◆ **Try it**:
Beginning with the line that contains "Casa de 4 alcobas", reproduce the remaining lines of the material exactly, up to and including the last one, but no pictures.

◆ **Information supplied**:
◇ ◇ ◇
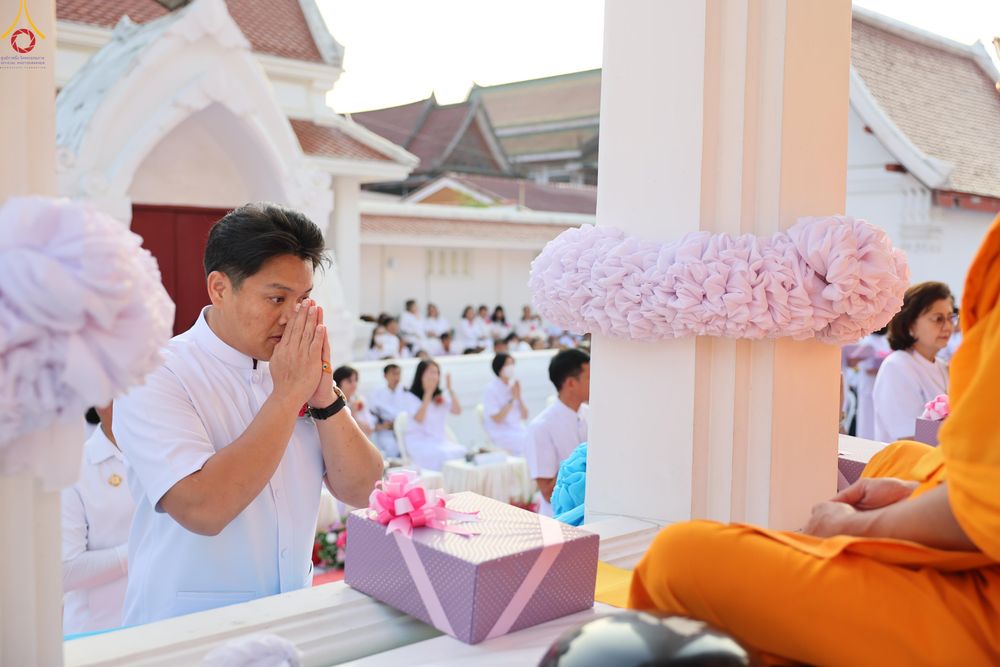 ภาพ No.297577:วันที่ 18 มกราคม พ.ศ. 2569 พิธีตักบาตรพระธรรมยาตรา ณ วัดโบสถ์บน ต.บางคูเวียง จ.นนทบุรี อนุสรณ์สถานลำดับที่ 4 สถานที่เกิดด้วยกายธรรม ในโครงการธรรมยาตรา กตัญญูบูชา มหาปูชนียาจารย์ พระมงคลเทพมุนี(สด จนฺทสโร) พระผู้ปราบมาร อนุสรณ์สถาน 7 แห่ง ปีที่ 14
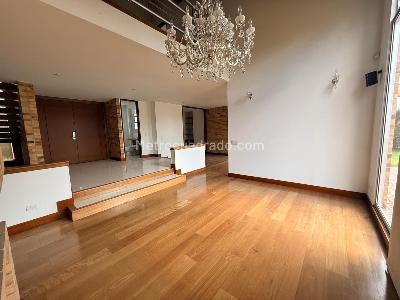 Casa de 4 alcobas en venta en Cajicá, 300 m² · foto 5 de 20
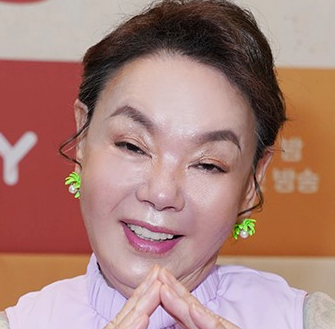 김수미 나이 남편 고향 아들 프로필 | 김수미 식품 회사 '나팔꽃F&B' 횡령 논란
◇ ◇ ◇
◆ **Task answer**:
 Casa de 4 alcobas en venta en Cajicá, 300 m² · foto 5 de 20
 김수미 나이 남편 고향 아들 프로필 | 김수미 식품 회사 '나팔꽃F&B' 횡령 논란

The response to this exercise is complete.